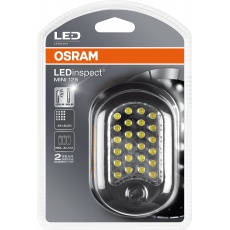 OSRAM Pracovní svítilna LED inspection lamp 4,5V 80/25lmW (Blistr 1ks) OSRAM Pracovní svítilna LED inspection lamp 4,5V 80/25lmW (Blistr 1ks)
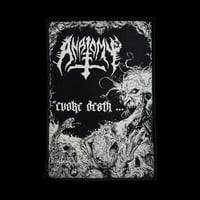 ANATOMY - EVOKE DEATH OFFICIAL PATCH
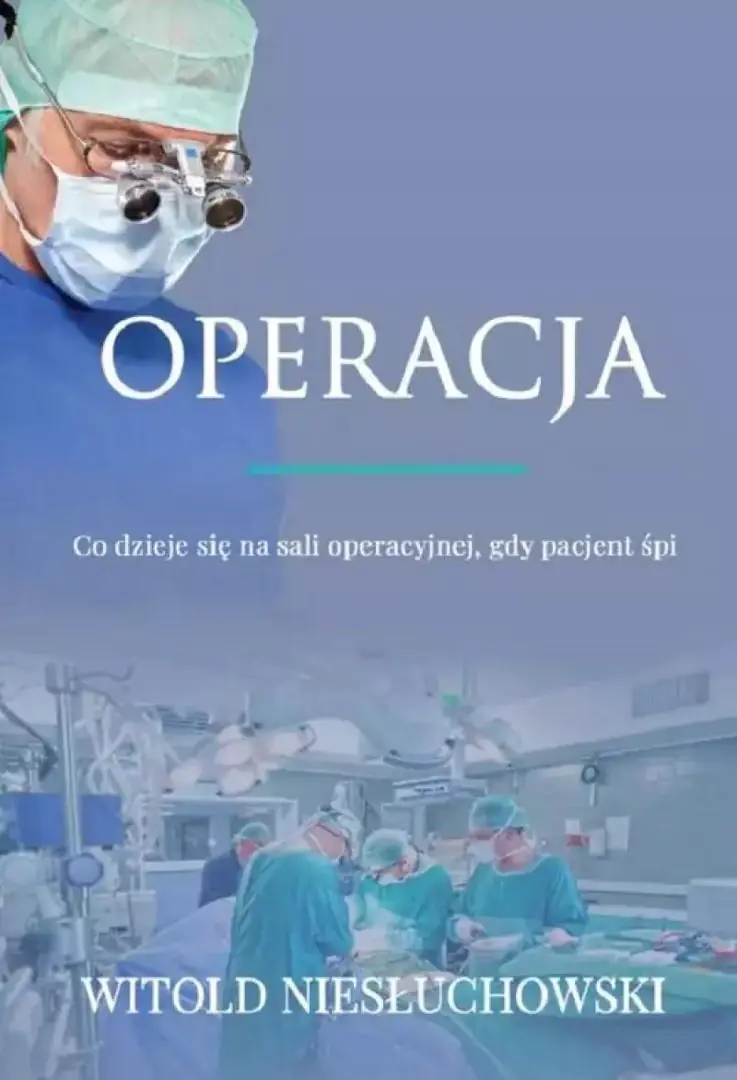 Książka - Operacja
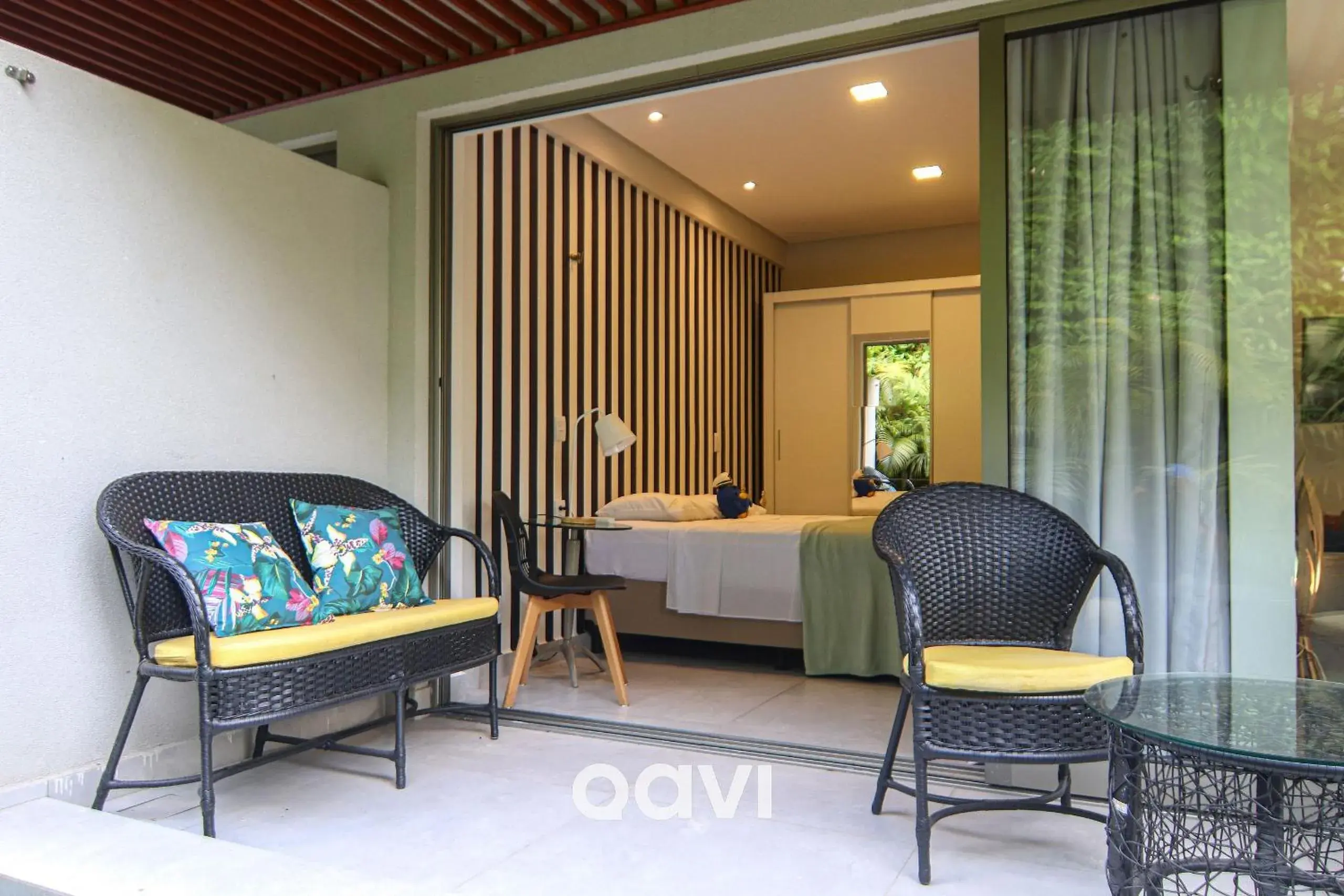 Ilê de Pipa - Flat Premium Tulum - By Qavi Ilê de Pipa - Flat Premium Tulum - By Qavi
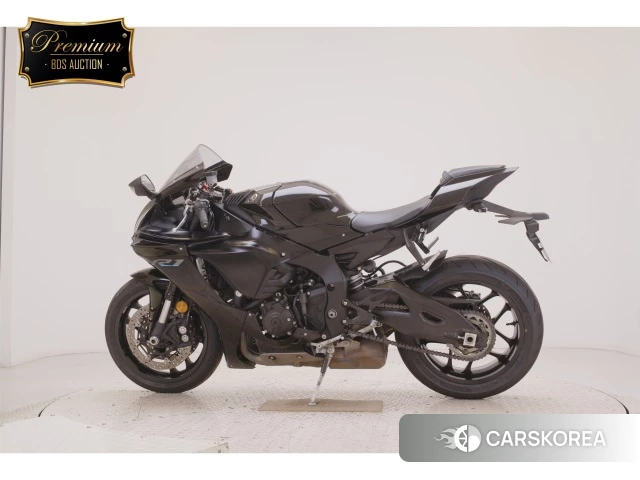 Проданный Yamaha YZF-R1 2024 из Японии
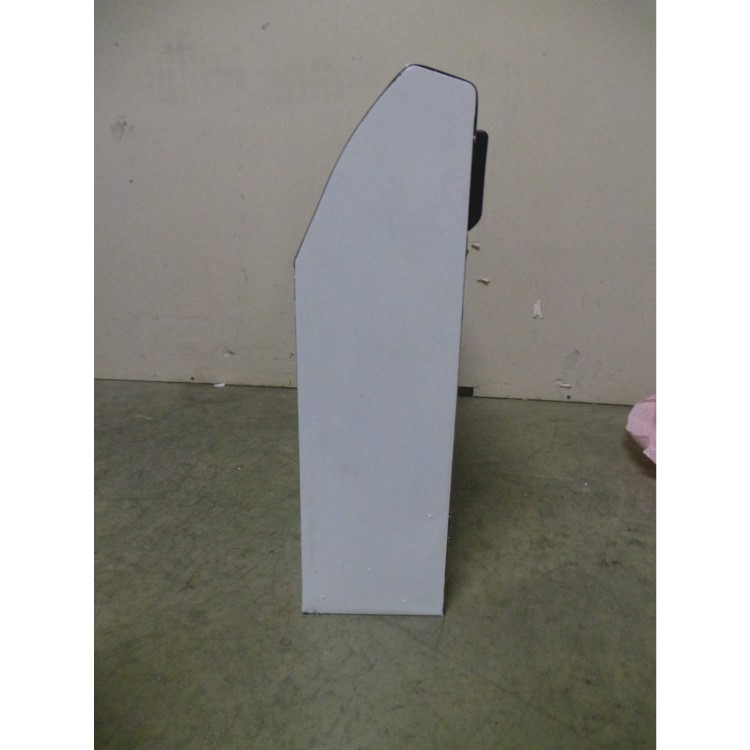 GRADE A2 - Light cosmetic damage - Hoover HFT60/2X 60cm Wide Conventional Cooker Hood Stainless Steel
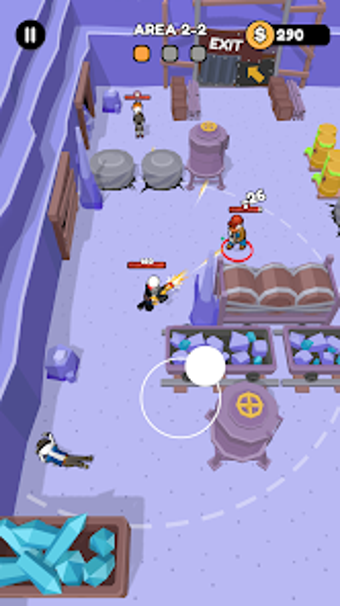 Image 0 for Triggerman: Action Shooti…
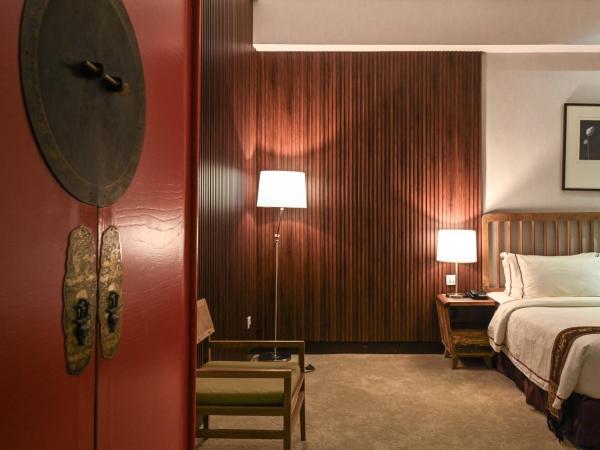 1825 Gallery Hotel : photo 4 de la chambre chambre lits jumeaux deluxe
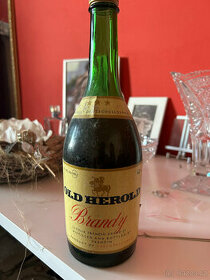 Old Herold Brandy  3-hvězdičkový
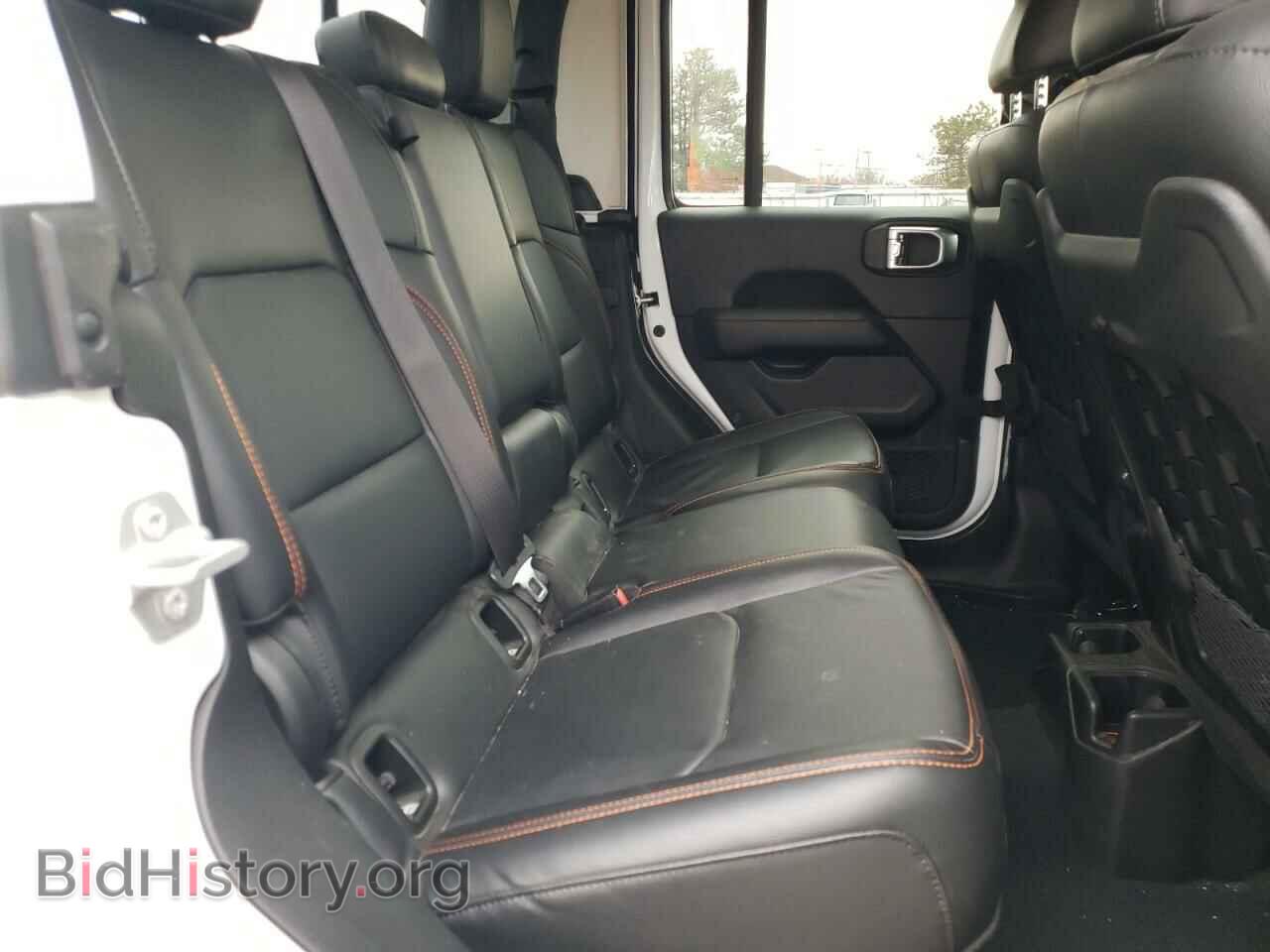 2022 JEEP GLADIATOR - VIN: 1C6JJTEG2NL166042 - Фото 10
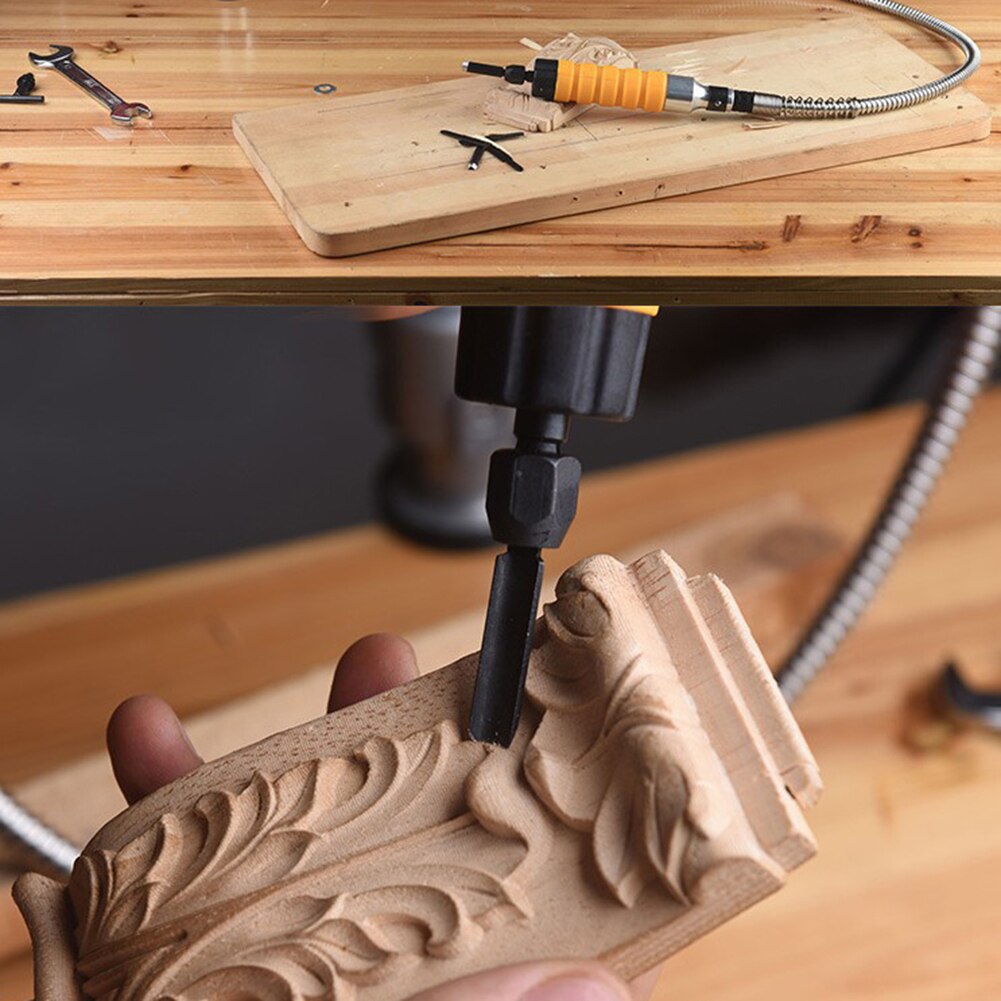 Metal Wood carving blades For Woodworking Chisel Electric Machine Tool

========

### PROBLEM TO WORK ON
Beginning with the line containing "Old Herold Brandy" and ending with the last line of the data above, repeat each line exactly. Include no pictures and no other lines.

### EXERCISE OUTPUT
 Old Herold Brandy  3-hvězdičkový
 2022 JEEP GLADIATOR - VIN: 1C6JJTEG2NL166042 - Фото 10
 Metal Wood carving blades For Woodworking Chisel Electric Machine Tool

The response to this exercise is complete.